Senior
professors win Maclean Awards
Bradburn
and Weintraub honored for their contributions to teaching and
to the student experience of life on campus.
Named
for English professor Norman Maclean, PhD'40, the Alumni Association's
faculty awards went this year to two faculty who are also alumni.
Norman Bradburn, AB'52, the Tiffany
and Margaret Blake distinguished service professor emeritus in
psychology, also taught in the Harris Graduate School of Public
Policy Studies, the Graduate School of Business, and the College.
He served as University provost, chair of the behavioral-sciences
department, and associate dean of the Social Sciences Division.
After 39 years on the faculty, he is now assistant director of
social, behavioral, and economic sciences at the National Science
Foundation.

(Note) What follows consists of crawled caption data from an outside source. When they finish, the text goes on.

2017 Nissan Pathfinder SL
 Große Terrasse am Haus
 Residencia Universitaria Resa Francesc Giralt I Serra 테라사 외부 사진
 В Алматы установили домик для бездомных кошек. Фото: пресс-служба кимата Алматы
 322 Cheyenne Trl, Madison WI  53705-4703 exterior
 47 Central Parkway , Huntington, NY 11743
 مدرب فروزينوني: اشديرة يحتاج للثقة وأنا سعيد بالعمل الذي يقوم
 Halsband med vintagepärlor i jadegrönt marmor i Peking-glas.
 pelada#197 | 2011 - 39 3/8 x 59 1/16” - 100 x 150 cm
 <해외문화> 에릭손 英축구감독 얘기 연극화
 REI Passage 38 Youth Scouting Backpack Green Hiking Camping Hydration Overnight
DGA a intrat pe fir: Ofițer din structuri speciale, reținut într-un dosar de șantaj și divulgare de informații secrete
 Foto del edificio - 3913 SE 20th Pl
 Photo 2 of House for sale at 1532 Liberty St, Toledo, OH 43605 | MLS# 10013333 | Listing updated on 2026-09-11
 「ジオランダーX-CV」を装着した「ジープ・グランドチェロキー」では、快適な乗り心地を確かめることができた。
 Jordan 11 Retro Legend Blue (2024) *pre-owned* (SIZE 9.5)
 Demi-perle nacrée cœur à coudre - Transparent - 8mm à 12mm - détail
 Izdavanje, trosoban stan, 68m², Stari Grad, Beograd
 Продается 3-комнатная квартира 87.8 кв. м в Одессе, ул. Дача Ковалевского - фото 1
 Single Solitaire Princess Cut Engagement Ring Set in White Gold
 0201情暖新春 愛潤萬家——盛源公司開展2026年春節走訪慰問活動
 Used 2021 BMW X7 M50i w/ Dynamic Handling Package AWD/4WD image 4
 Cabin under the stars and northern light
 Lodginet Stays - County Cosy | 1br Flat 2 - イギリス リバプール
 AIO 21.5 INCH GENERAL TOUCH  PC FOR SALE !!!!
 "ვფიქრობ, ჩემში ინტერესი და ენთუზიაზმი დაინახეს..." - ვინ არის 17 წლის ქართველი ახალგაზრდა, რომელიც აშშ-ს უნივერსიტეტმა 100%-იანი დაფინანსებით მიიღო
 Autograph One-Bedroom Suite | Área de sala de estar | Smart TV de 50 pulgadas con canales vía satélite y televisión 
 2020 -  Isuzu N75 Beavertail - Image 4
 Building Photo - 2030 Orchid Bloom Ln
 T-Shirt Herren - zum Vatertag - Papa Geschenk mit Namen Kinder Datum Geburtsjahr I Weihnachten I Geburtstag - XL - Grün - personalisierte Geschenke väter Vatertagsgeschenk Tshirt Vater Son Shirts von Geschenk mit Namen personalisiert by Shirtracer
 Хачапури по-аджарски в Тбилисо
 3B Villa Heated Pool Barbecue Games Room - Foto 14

A leader in the theory and practice of sample survey
research, he served three times as director of the National Opinion
Research Center.
As
a teacher, he is known for his commitment to intellectual inquiry
and his rigorous standards-and for his patience, generosity, and
compassionate guidance."I am surprised and pleased to receive
the Norman Maclean Faculty Award," says Bradburn, who taught
the class The Art and Science of Asking Questions as part of reunion's
Uncommon Core program. "President Hutchins used to say that
the best way to learn something is to teach it. I have been learning
through teaching for my entire career."
In
56 years at Chicago, Karl
Weintraub, AB'49, AM'52, PhD'57, the Thomas E. Donnelley
distinguished service professor in history, also taught in the
Committee on Social Thought, the Committee on the History of Culture,
the Humanities Division, and in the College. A past chair of the
Committee on the History of Culture and dean of the Humanities
Division, Weintraub has inspired generations of students. A scholar
whose research and writing addresses broad historical questions
of autobiography and history of culture, he is equally revered
for his teaching of the Western Civilization course in the College,
where his skill earned two Quantrell Awards for undergraduate
teaching, as well as the Danforth Foundation's E. Harris Harbison
Award for Distinguished Teaching.
"An
ever so wonderful aspect of my half century at this University
is that it allowed me to teach its excellent students," said
Weintraub, who led returning alumni in two sessions on "How
We Came to Think of Culture" during reunion. "The special
reward and satisfaction has always been to work with live students
in the classroom, trying, as best I could and albeit only by small
degrees, to bring them face to face with fascinating human realities,
to improve their skills, to sharpen their judgment, to refine
their taste, and to develop a sense of proportion in them."
- M.R.Y.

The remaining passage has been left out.